The best way to do that is to focus on companies that have built a financial fortress around their dividend payments. Three super-safe dividend stocks that also offer above-average payouts are Johnson & Johnson (NYSE: JNJ), ExxonMobil (NYSE: XOM), and Realty Income (NYSE: O). That makes them great dividend stocks to buy in 2025 for those seeking income safety in the coming years.

A very healthy dividend

Johnson & Johnson has one of the strongest financial profiles in the world. The healthcare giant is one of only two companies with a AAA bond rating (higher than the U.S. government). The company, which had a more than $355 billion market cap, ended the third quarter with only $16 billion of net debt ($20 billion in cash against $36 billion of debt).

That's a very manageable amount for a company that produced $14 billion in free cash flow over the first nine months of last year.
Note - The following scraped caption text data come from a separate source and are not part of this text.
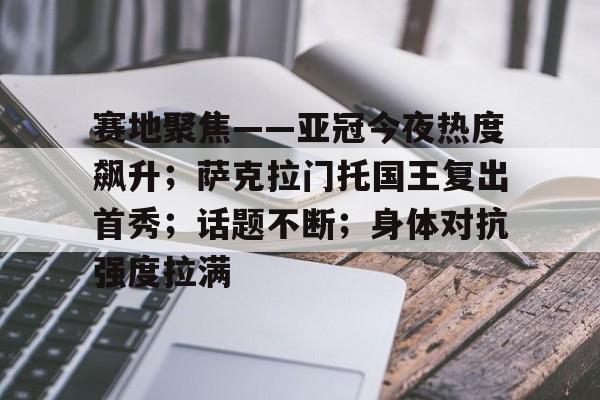 爱游戏官网首页-包含赛地聚焦——亚冠今夜热度飙升；萨克拉门托国王复出首秀；话题不断；身体对抗强度拉满的词条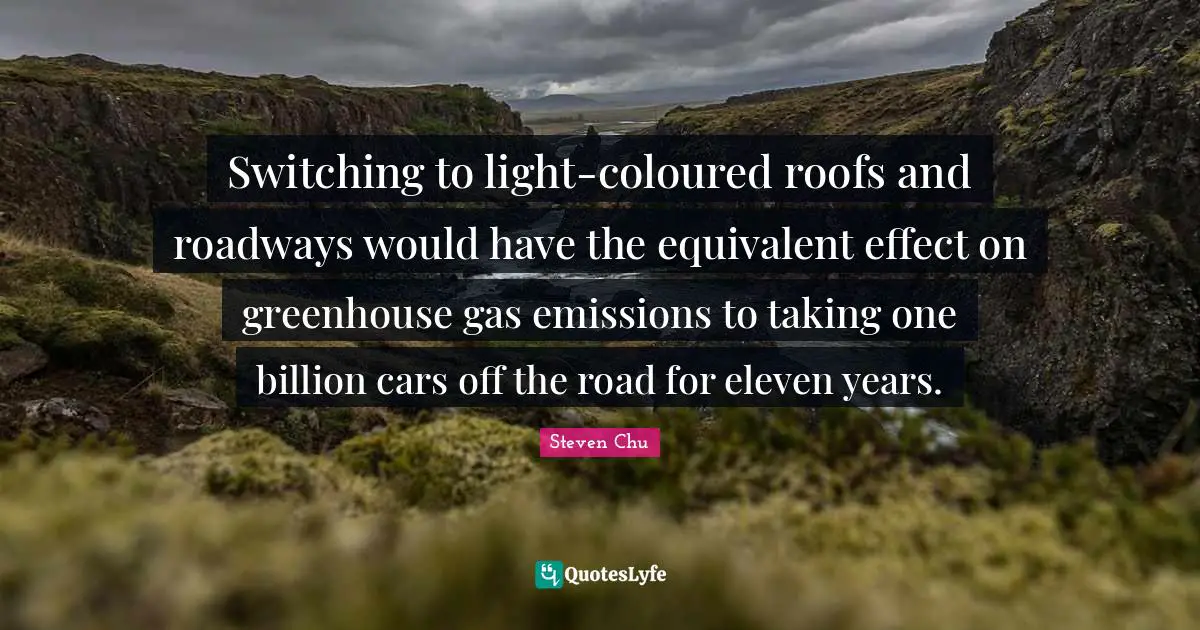 Switching Quotes: "Switching to light-coloured roofs and roadways would have the equivalent effect on greenhouse gas emissions to taking one billion cars off the road for eleven years."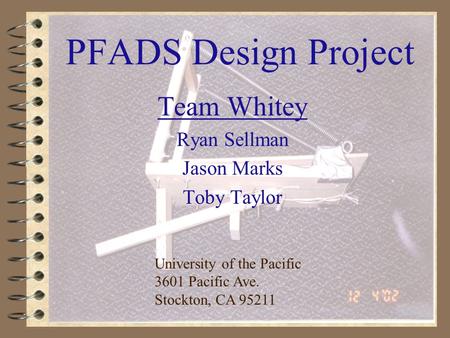 1 PFADS Design Project Team Whitey Ryan Sellman Jason Marks Toby Taylor University of the Pacific 3601 Pacific Ave. Stockton, CA 95211.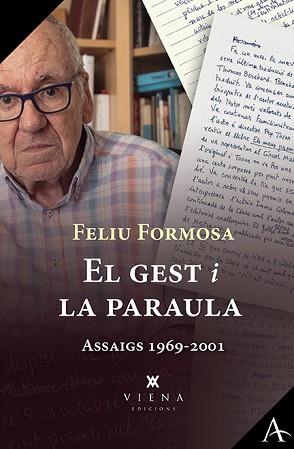 EL GEST I LA PARAULA(ASSAIGS 1969-2001) | 9788418908804 | FORMOSA,FELIU | Libreria Geli - Librería Online de Girona - Comprar libros en catalán y castellano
That easily supported the company's $8.8 billion dividend outlay during that period.

The healthcare behemoth has an elite record of growing its dividend. Last year was the 62nd year in a row that it increased its dividend. It qualifies as a Dividend King, a company with 50 or more years of consecutive annual dividend growth. That payout currently yields nearly 3.5%, well above the S&P 500's 1.2% yield.

Johnson & Johnson should have no trouble continuing to increase its dividend. It invests heavily in research and development ($11.9 billion through the first nine months of last year) and uses its strong balance sheet to make acquisitions. It deployed $18 billion into strategic inorganic growth last year.

It started 2025 off by making another acquisition, agreeing to buy Intra-Cellular Therapies in a $14.6 billion deal. These investments should enable Johnson & Johnson to continue growing its revenue, earnings, and free cash flow at healthy rates, which should support a growing dividend.

A well-oiled dividend-paying machine

An oil stock like ExxonMobil might not seem like the safest dividend stock, given the volatility in that sector and the global push toward cleaner alternatives. However, Exxon isn't just any oil stock. It's the undisputed leader of the oil patch.

It led all international oil companies in earnings during the third quarter ($8.6 billion) and cash flow from operations ($17.6 billion). After covering the capital spending needed to maintain and expand its global energy empire, it produced a massive $11.3 billion in free cash flow.